Another trait that stands out about Bridgewater is his toughness. In that game against Rutgers last season from which the clips are derived, Bridgewater was playing with both a sprained ankle and a broken wrist on his non-throwing hand. Even when battling injuries last season, he continued to play at a high level as a dual-threat quarterback.
Why Bridgewater, Not Clowney, is the Favorite to Go No. 1 Overall
Clowney has the skill set to be an elite NFL pass-rusher from the beginning of his career, but even with the ever-growing importance of pressuring opposing quarterbacks, there is no player who can have a greater impact on his team’s success than a star quarterback.
If Bridgewater continues to naturally progress the way he did in his sophomore season, there is no reason to believe that Bridgewater will not be a star quarterback in the NFL.
Look no further than recent draft history to gauge how valued quarterbacks are. While the 2013 NFL draft only had one first-round quarterback, the 2013 draft class was an anomaly that lacked any sure first-round talents at the position. Between 2001-2012, a quarterback was the No. 1 overall selection in 10 of 12 years, with the top quarterback being selected No. 3 overall in the other two seasons.

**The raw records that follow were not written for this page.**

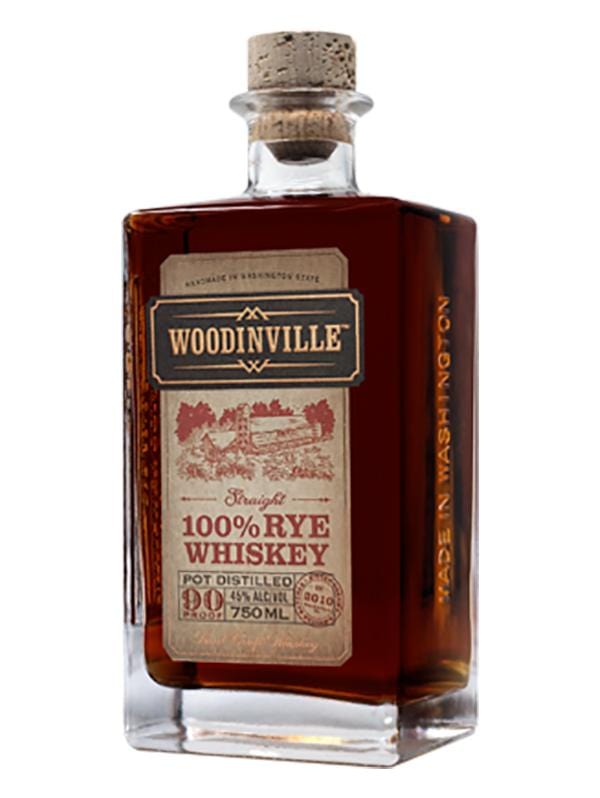 Woodinville Straight Rye Whiskey at Del Mesa Liquor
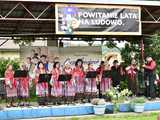 [WIDEO/FOTO] Powitanie Lata na Ludowo. Zespoły folklorystyczne z naszego regionu wystąpiły w Goczałkowie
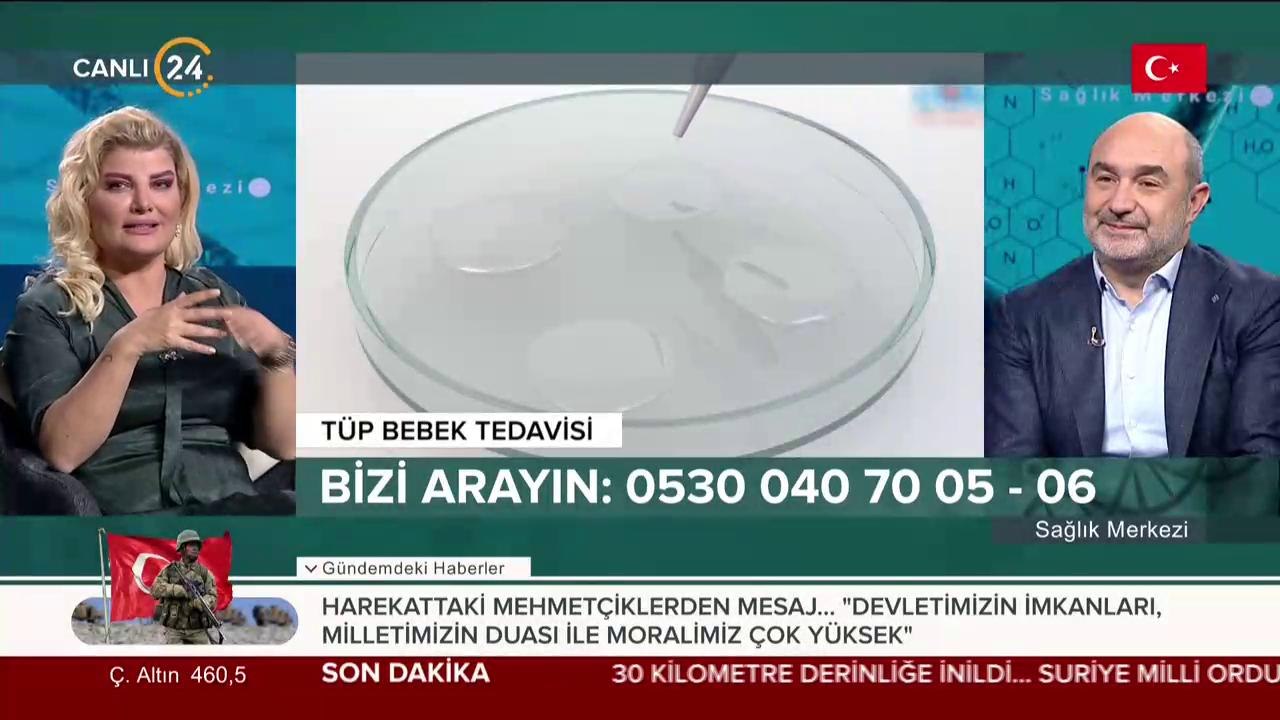 Tüp Bebek Tedavisi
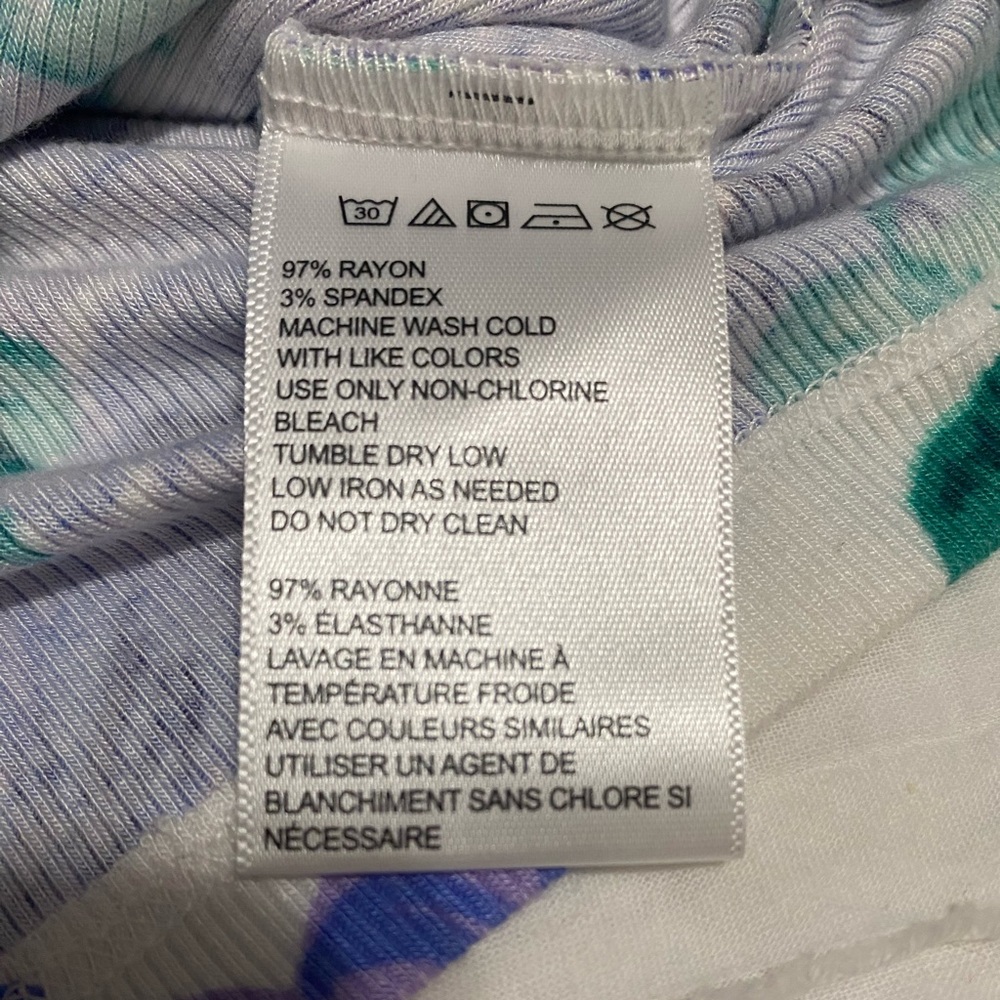 Urban Outfitters Tiffy Tie-Front Floral Tank Top - Picture 9 of 10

The most comparable example to what is projected for the 2014 NFL draft came in 2010, when the St. Louis Rams passed upon Nebraska defensive tackle Ndamukong Suh, the consensus No. 1 overall prospect in the draft, for Oklahoma quarterback Sam Bradford.
While Bradford was the top quarterback in the 2010 draft class, he came into that draft with some questions. He did not a pro-style, under-center offense at Oklahoma, lacked top-tier arm strength and came into the draft with serious injury concerns after missing nearly his entire final season at Oklahoma with injuries to his throwing shoulder.
Suh, on the other hand, was also considered to be a “once-in-a-generation” defensive prospect. An explosive defensive tackle with a rare combination of athleticism and power, Suh’s superstar potential has been somewhat overshadowed by his questionable on-field and off-field antics, but he was viewed as the instant impact player he has been for the Detroit Lions’ defense.
Bridgewater does not have any of those same questions that Bradford has. Even with Clowney on the board, a quarterback-needy team will be hard-pressed to pass upon Bridgewater, just as the Rams decided that even a prospect of Suh’s caliber wasn’t enough to pass upon Bradford.
Of course, who goes No. 1 overall will ultimately depend on who holds the No. 1 overall pick. If the team in the top spot already has a quarterback in place, then it appears very likely Clowney will end up being the top player on their board. More often than not, however, one reason the team drafting at No. 1 overall ends up in that spot is due to their need of a franchise signal-caller, to which the 2014 NFL draft’s best answer will likely be Bridgewater.